Pero antes de huir quería ver lo que dejaba, cargar mi corazón de imágenes para no contar ya mi vida en años sino en montañas, en gestos, en infinitos rostros; nunca en cifras sino en ternuras, en furores, en penas y alegrías. La áspera historia de mi pueblo.
Como Antígona, como el "siluetazo", como el nunca más, las novelas de la época de la dictadura buscan no dejarse arrebatar la memoria de nuestros muertos. "Que cada uno cargue con sus muertos mientras todos construyen y mantienen viva una sola llama consagrada a la rememoración de las víctimas de la violencia inhumana..."13 Porque sólo el ejercicio colectivo de la memoria puede enfrentar el afán de olvido que, con o sin decreto, proponen algunos, y la consiguiente posibilidad de repeticiones. Sólo el recuerdo y la reflexión pueden curar las heridas.
1 Esta ponencia tiene deudas con unos cuantos libros y artículos leídos, situaciones vivi das, charlas compartidas con amigos. Aquí, me gustaría señalar sobre todo dos textos que me ayudaron especialmente: Represión y reconstrucción de una cultura: el caso argentino, compilado por Saúl Sosnowski, y el conmovedor relato de Liliana Felipe y Jesusa Rodríguez "Existes porque te recuerdo", en Debate feminista, año 5, vol. 9, marzo 1994, pp. 247-263.
2 Nunca más. Informe de la Comisión Nacional sobre la Desaparición de Personas, 9 edición, EUDEBA, Buenos Aires, 1985.
3 Desde hace un tiempo existe también una agrupación de "Hijos de desaparecidos".
4 Liliana Felipe y Jesusa Rodríguez, art. cit., p. 252.
5 Citado en La Razón, 3 de diciembre de 1976 (colocado como epígrafe en el libro Argentina, cómo matar la cultura. Testimonios 1976-1981, Asociación Internacional para la Defensa de los Artistas víctimas de la represión en el mundo, Editorial Revolución, Madrid, 1981).
6 "Épocas", en Argentina, cómo matar la cultura... cit.
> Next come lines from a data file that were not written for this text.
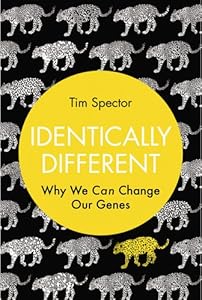 Identically Different: Why We Can Change Our Genes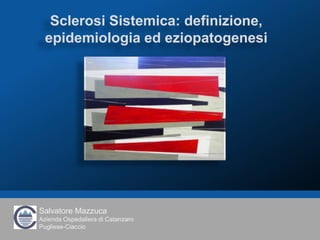 Sclerosi Sistemica: definizione,
 epidemiologia ed eziopatogenesi




Salvatore Mazzuca
Azienda Ospedaliera di Catanzaro
Pugliese-Ciaccio
                                   Sclerosi Sistemica: definizione, epidemiologia ed
 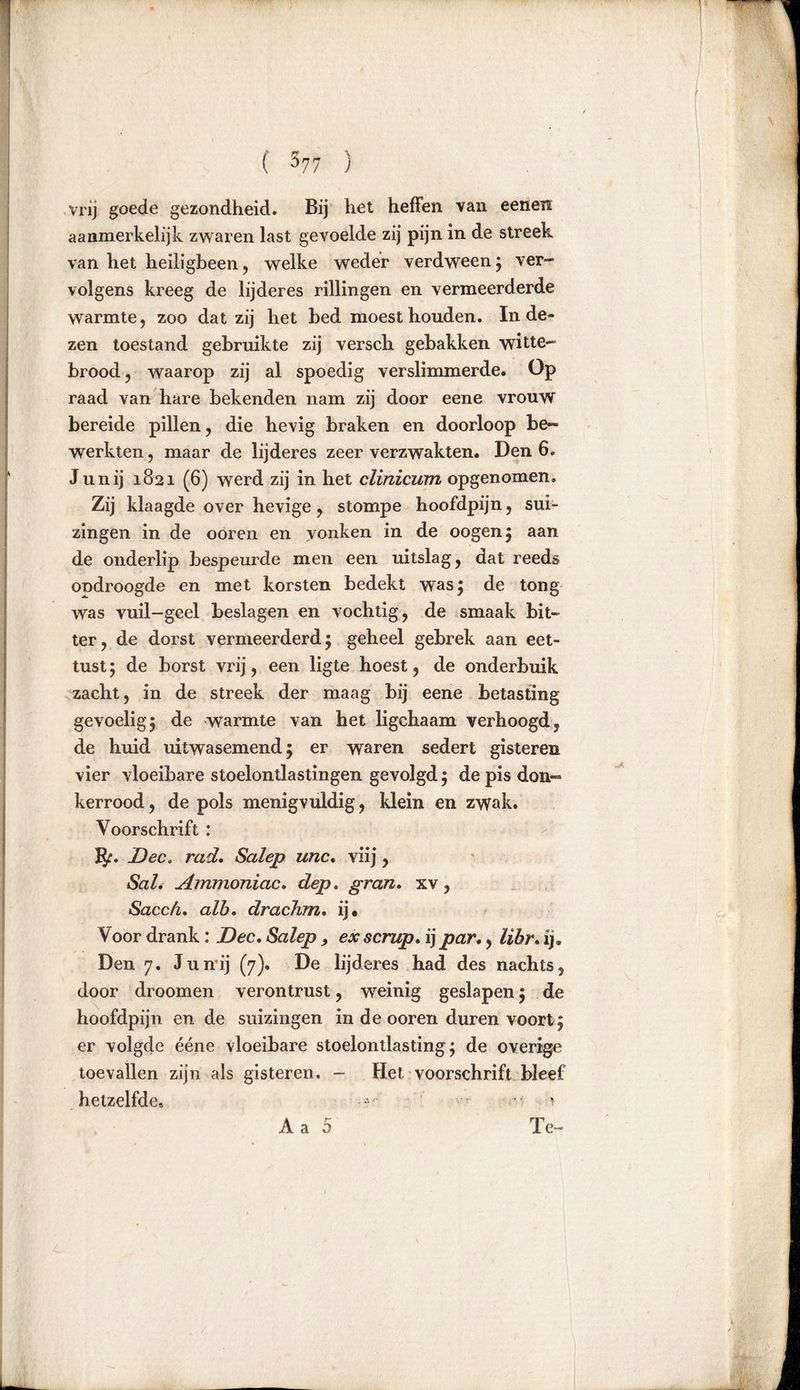 vrij goede gezondheid. Bij het heffen van eenen aanmerkelijk zwaren last gevoelde zij pijn in de streek van het heiligbeen, welke weder verdween; ver- volgens kreeg de lijderes rillingen en vermeerderde warmte, zoo dat zij het bed moest houden. In de- zen toestand gebruikte zij versch gebakken witte- brood , waarop zij al spoedig verslimmerde. Op raad van hare bekenden nam zij door eene vrouw bereide pillen, die hevig braken en doorloop be- werkten, maar de lijderes zeer verzwakten. Den 6. Junij 1821 (6) werd zij in het clinicum opgenomen. Zij klaagde over hevige, stompe hoofdpijn, sui- zingen in de ooren en vonken in de oogen; aan de onderlip bespeurde men een uitslag, dat reeds ondroogde en met korsten bedekt was; de tong was vuil—geel beslagen en vochtig, de smaak bit- ter, de dorst vermeerderd 5 geheel gebrek aan eet- tust; de borst vrij, een ligte hoest, de onderbuik zacht, in de streek der maag bij eene betasting gevoelig5 de warmte van het ligchaam verhoogd, de huid uitwasemend; er waren sedert gisteren vier vloeibare stoelontlastingen gevolgd; de pis don- kerrood, de pols menigvuldig, klein en zwak. Voorschrift : IJf. Dec. rad. Salep unc. vlij, Sal. Ammoniac. dep. gran. xv, Sacch. alb. draehm. ij* Voor drank: Dec. Salep , ex scrup. ij par., lihr. ij. Den 7. Junij (7). De lijderes had des nachts, door droomen verontrust, weinig geslapen; de hoofdpijn en de suizingen in de ooren duren voort ; er volgde ééne vloeibare stoelontlasting; de overige toevallen zijn als gisteren. - Het voorschrift bleef hetzelfde* •••■•' • 1 Aa 5 Te- 1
7 En breve cárcel, Seix Barral, Barcelona, 1981.
8 "Una alucinación dispersa en agonía", en Punto de vista, núm. 21, Buenos Aires.
9 Beatriz Sarlo, "Política, ideología y figuración literaria", en Ficción y política. La narrativa argentina durante el proceso militar, Alianza Editorial, Buenos Aires.
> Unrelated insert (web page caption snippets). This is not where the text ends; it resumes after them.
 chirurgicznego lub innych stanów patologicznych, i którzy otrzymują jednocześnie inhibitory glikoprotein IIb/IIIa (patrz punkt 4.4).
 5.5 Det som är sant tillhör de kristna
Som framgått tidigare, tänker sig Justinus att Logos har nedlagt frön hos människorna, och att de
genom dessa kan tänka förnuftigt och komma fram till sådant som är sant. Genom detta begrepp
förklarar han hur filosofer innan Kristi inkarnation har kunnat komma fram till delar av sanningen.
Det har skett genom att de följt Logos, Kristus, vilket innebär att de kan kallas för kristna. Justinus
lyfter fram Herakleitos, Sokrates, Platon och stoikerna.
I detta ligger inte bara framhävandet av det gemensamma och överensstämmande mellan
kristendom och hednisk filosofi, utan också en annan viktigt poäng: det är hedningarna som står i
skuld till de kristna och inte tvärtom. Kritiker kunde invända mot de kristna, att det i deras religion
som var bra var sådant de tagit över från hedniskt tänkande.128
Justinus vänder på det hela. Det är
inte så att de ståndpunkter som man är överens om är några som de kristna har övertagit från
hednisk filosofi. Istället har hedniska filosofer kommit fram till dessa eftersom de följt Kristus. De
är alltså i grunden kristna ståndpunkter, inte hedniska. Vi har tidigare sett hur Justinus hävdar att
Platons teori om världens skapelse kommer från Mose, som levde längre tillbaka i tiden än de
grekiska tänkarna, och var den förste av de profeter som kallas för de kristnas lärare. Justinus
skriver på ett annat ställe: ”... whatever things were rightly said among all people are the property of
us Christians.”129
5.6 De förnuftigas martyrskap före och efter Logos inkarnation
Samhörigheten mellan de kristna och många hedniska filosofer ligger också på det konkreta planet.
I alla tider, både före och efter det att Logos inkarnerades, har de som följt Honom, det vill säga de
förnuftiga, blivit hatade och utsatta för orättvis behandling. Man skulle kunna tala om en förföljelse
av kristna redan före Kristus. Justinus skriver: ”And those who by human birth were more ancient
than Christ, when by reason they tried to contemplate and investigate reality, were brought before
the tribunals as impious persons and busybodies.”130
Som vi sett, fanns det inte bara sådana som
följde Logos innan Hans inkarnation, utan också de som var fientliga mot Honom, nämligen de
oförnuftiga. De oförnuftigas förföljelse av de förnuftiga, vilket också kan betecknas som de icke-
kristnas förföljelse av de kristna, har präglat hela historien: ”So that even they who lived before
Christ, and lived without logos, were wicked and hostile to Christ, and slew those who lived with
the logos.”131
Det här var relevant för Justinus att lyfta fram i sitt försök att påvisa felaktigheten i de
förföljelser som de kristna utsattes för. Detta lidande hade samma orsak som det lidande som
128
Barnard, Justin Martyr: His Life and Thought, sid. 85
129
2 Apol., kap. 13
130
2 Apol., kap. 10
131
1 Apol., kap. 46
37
10 Hugo Vezzetti, "La memoria y los muertos", en Punto de vista, Revista de cultura, año XVII, núm. 49, Buenos Aires.
11 Ricardo Piglia, Respiración artificial, Editorial Sudamericana, Buenos Aires, 1980.
12 La casa y el viento, Legasa Literaria, Buenos Aires, 1984.
13 Hugo Vezzetti, "La memoria y los muertos", en Punto de vista, cit.